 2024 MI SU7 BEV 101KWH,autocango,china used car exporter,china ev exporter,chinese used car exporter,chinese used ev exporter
* * *
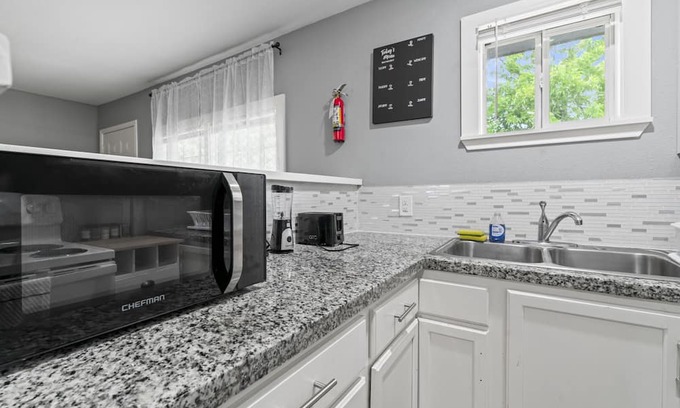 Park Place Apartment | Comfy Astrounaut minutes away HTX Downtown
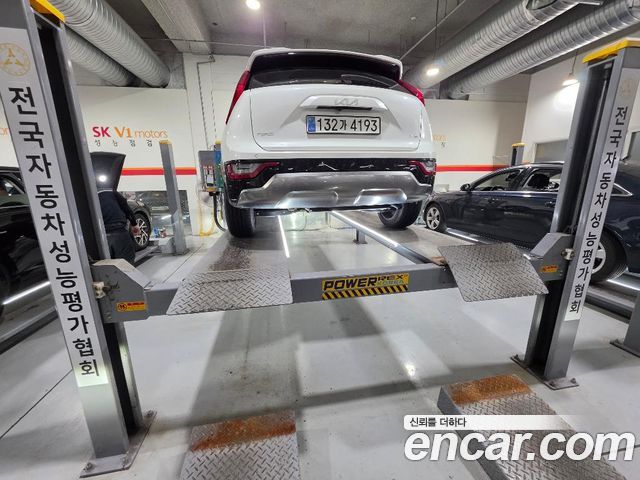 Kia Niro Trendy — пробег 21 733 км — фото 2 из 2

Try it | Look through the material above. Transcribe exactly the lines between the ones with "Park Place Apartment" and "Kia Niro Trendy", inclusive, and keep pictures out.

Task result |
 Park Place Apartment | Comfy Astrounaut minutes away HTX Downtown
 Kia Niro Trendy — пробег 21 733 км — фото 2 из 2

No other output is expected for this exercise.